We know that in the immune system, the production of memory T cells is an important link in the body's anti-tumor and anti-pathogen invasion, and its lifespan is closely related
to the health of the human body.
But little is known about how memory T cells maintain their lifespan
.

Recently, a research team led by Professor Alessio Lanna of University College London published interesting research results on the mechanism of memory T cell life extension in the top international journal Nature Cell Biology [4].

They found that during antigen presentation, antigen-presenting cells (APCs) actively "donate" their telomeres to T cells through vesicles to help T cells extend their lifespan [4].

Their research discovered the phenomenon of telomere transfer between cells for the first time, revealed a pathway to lengthen telomeres in a "passive" way, opened a new chapter in the field of cellular aging and anti-aging, and provided new research ideas
for the treatment of aging-related diseases.

Immune synapses are special structures formed by MHC molecular-antigen complexes and T cell receptors (TCRs) when APCs present antigens to T cells [5].

Studies have shown that the stimulation of immune synapses activates T cells and expands them, but also activates the T cells' own telomerase, allowing them to actively prolong the "life progress bar" [6].

However, this is not enough for T cells to successfully resist aging and form long-term immunity in large-scale clonal expansion [7].

And studies have proved that repeated antigen stimulation can rapidly reduce the activity of T cell telomerase [8].

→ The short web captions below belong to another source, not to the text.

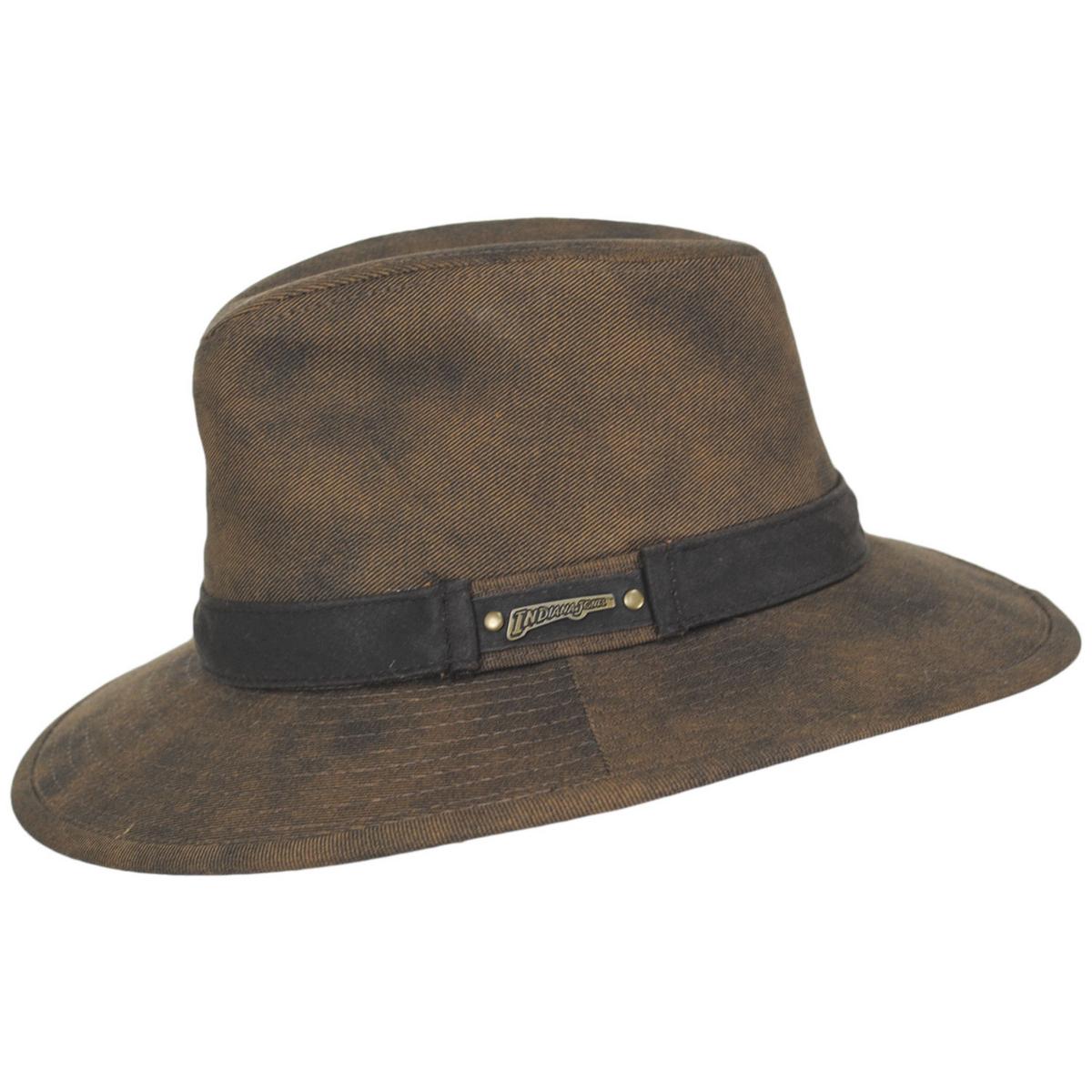 Indiana Jones | Officially Licensed Covenant Timber Cloth Safari Fedora Hat | 140173 | profile | BROWN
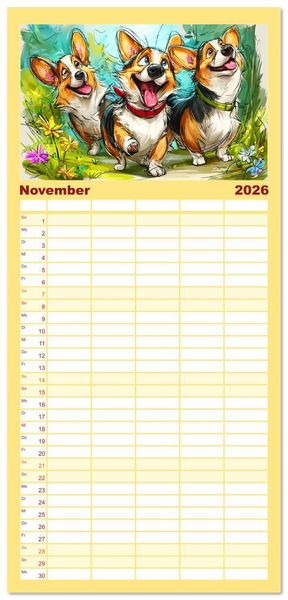 Produktbild: Familienplaner 2026 - Lustige Corgis. Niedliche Cartoons von gl&uuml;cklichen Hunden mit 5 Spalten (Wandkalender, 21 x 45 cm) CALVENDO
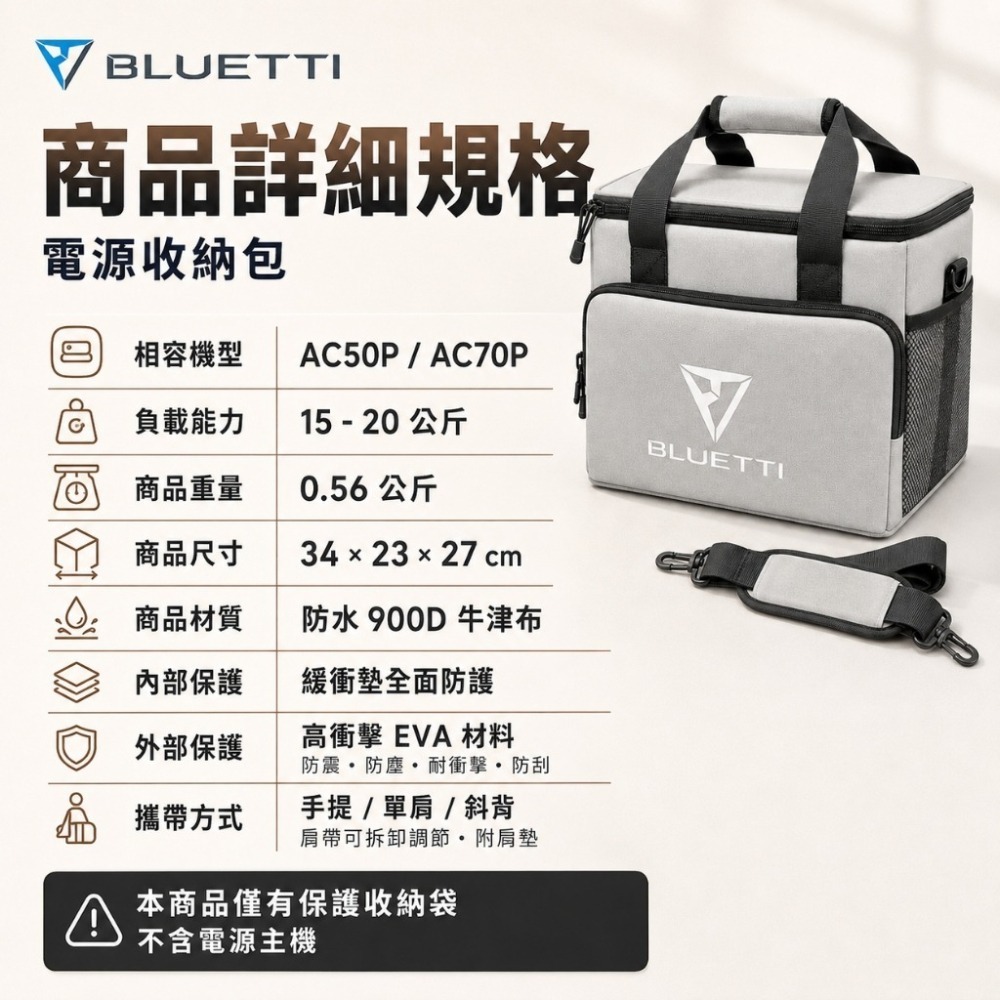 【BLUETTI】2026新款 原廠包 電源收納包 含背帶 防潑水 防塵 移動電源收納袋 手提袋 AC50P AC70P-細節圖6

This begs the question: Do memory T cells have other secrets to longevity?

The answer lies in
APC's interaction with T cells.

First, in vitro, the researchers found through telomere restriction fragment (TEF) analysis that after the formation of immune synapses, the telomeres of T cells were lengthened, while the telomeres of APCs were correspondingly shortened
.

TEF results showed that after the formation of immune synapses, T cell telomeres lengthened, while APC telomeres were shortened

Using labeling and fluorescence tracing techniques, they demonstrated that when immune synapses form, telomeres of APCs are transferred through vesicles into T cells and integrated into the chromosomes of T cells
.

They also showed that the phenomenon is not dependent on telomerase
in T cells.
In addition, ionomycin, which initiates calcium influx signals, can also cause APC to release telomere vesicles
.

After confirming the phenomenon, the researchers designed a model of artificial immune synaptic bilayer to further explore the mechanism
of telomere vesicle release and recombination in vitro.

First, through immunoblotting and ELISA, they found that telomere-containing vesicles had telomere-zinc-finger-related protein (TZAP), while telomere-free vesicles did not
.

The function of TZAP is to prune long telomeres [9].

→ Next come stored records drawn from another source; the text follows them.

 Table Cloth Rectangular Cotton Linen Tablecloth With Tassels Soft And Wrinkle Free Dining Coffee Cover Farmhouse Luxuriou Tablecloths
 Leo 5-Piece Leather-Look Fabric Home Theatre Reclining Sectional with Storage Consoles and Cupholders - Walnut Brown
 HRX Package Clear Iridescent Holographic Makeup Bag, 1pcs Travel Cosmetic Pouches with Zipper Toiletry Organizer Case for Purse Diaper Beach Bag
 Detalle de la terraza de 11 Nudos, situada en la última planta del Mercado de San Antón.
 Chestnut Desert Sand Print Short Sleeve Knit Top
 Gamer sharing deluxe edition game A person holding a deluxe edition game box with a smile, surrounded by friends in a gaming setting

They found that antigen stimulation or calcium influx could lead to increased
expression of TZAP protein in APCs.
After knocking down TZAP, the telomere vesicles secreted by APC are reduced, thus demonstrating that the cleavage of telomeres by TZAP plays an important role
in the passage of telomeres into the vesicles.

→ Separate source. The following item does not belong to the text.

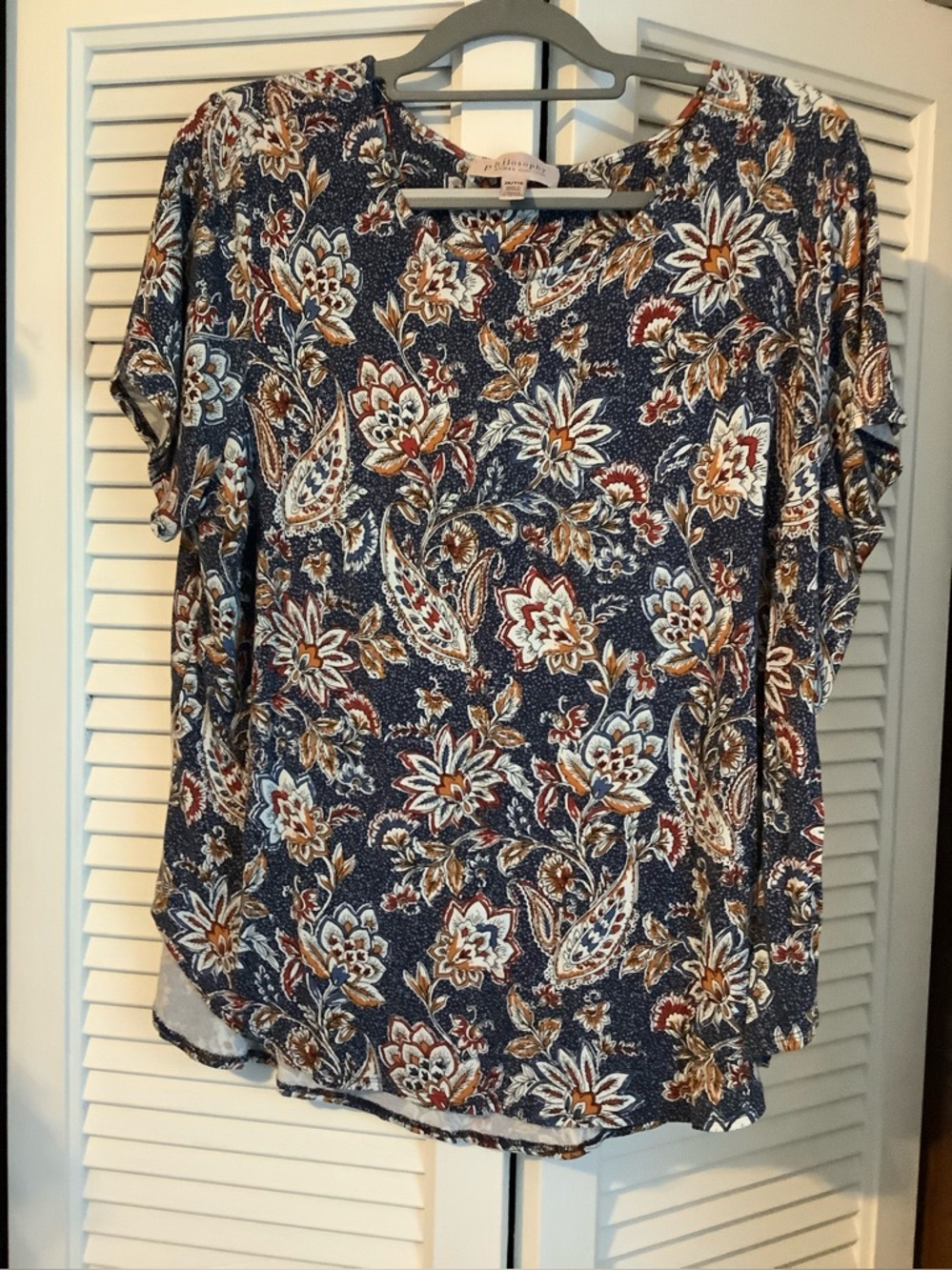 Philosophy Navy Floral Short-Sleeve Top size 2x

Previous studies have demonstrated that the telomel complex (shelterin) binds to telomeres to prevent telomeres from being sheared by the TZAP protein [9].

Researchers have shown that stimulation of immune synapses or calcium ion influx can trigger the degradation of telomere protein complexes (such as POT1 and TRF2) in APCs through the proteasome pathway, allowing TZAP to "take advantage of the void" and lead to telomere cleavage
.

Next, the researchers explored inside CD4⁺ T cells how telomeres given by APCs were attached to the T cells
' own genomes.
They hypothesized that the homologous recombinant factor Rad51 [10], which is involved in telomere lengthening, may play a major role
in this.

First, they verified that Rad51 is present in
most vesicles containing telomeres.

Further, by knocking down Rad51 in APC cells, they found that APC's ability to secrete telomere vesicles was not significantly altered, but the ability of APC telomere DNA to integrate into the T cell genome was significantly limited
.
They concluded that Rad51 plays a major role
in the integration of metastatic telomeres into the T cell genome.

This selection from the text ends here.